The temperature-dependent fracture toughness of a brittle coating/ductile substrate system, WC-10Co4Cr deposited on 1018 low carbon steel, is evaluated at microscopic level using an indentation-based model in terms of the Arrhenius-type equation and rate-controlling theory. The formulation of the model utilizes the parameters of crystal structures of each phase in the coating material. The slip systems of hard hexagonal $$ \updelta $$ -WC phase and soft FCC $$ \upalpha $$ -Co phase are analyzed.
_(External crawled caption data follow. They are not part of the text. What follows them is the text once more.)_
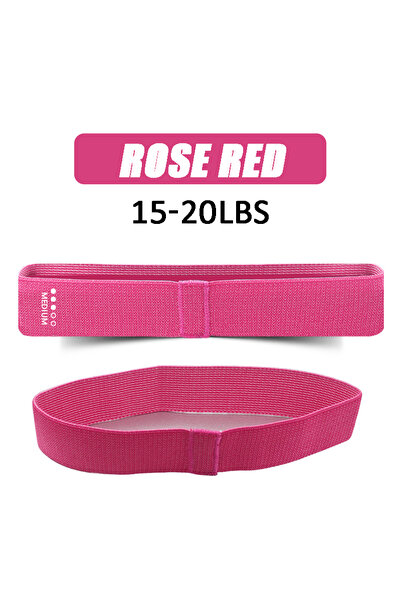 Choice Rose red Fitness Elastic Resistance Bands Home training yoga sport res...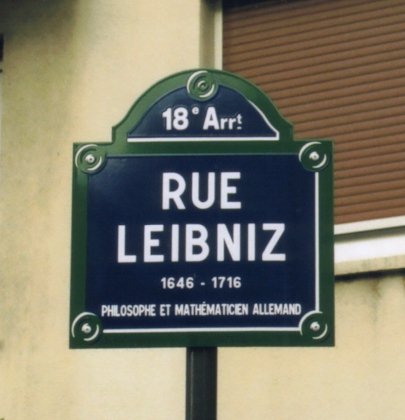 Strassenschild in Paris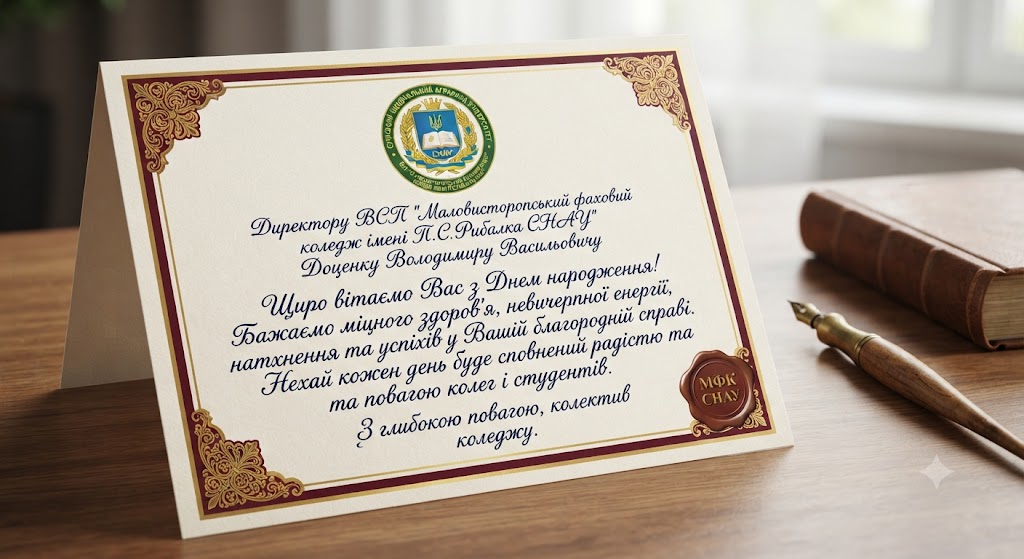 Вітаємо з днем народження Доценка В.В.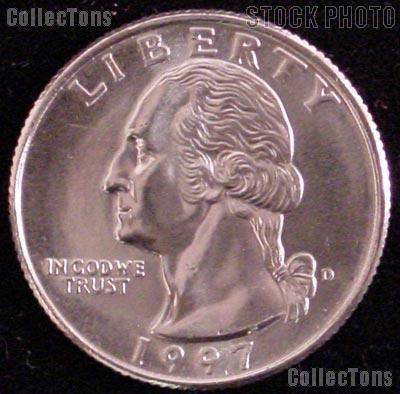 1997-D Washington Quarter Gem BU (Brilliant Uncirculated)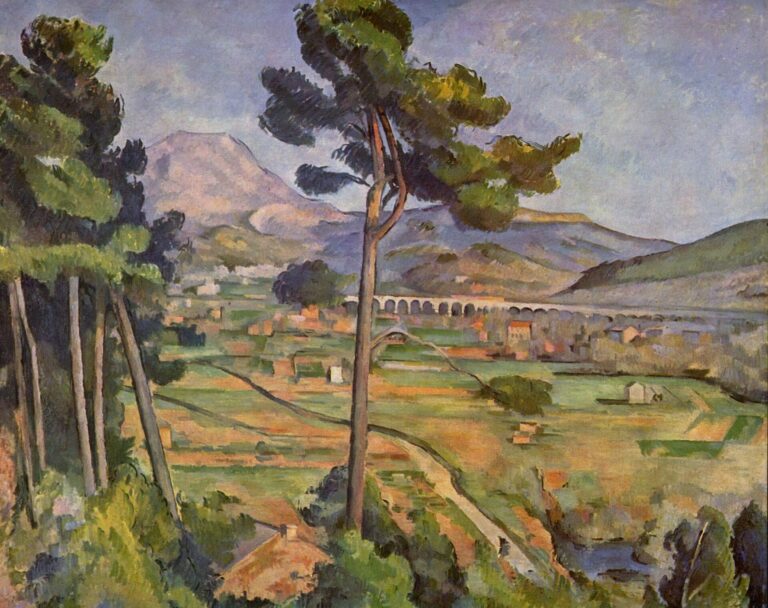 Mont Sainte-Victoire and the Viaduct of the Arc River Valley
The fracture toughness of the two-phase coating is obtained by integrating the fracture toughness of single $$ \updelta $$ -WC phase coating and that of single $$ \upalpha $$ -Co phase coating using either the basic mixture method or the unconstrained mixture method. The results suggest that the fracture toughness of WC-10Co4Cr coating/1018 low carbon steel substrate system may remain constant until the temperature reaches a critical value, about 200 K, and ranges from 2.16 to 10.82 $$ {\text{MPa}}\;{\text{m}}^{1/2} $$ , with temperature increasing from room temperature (298 K) to 1000 K.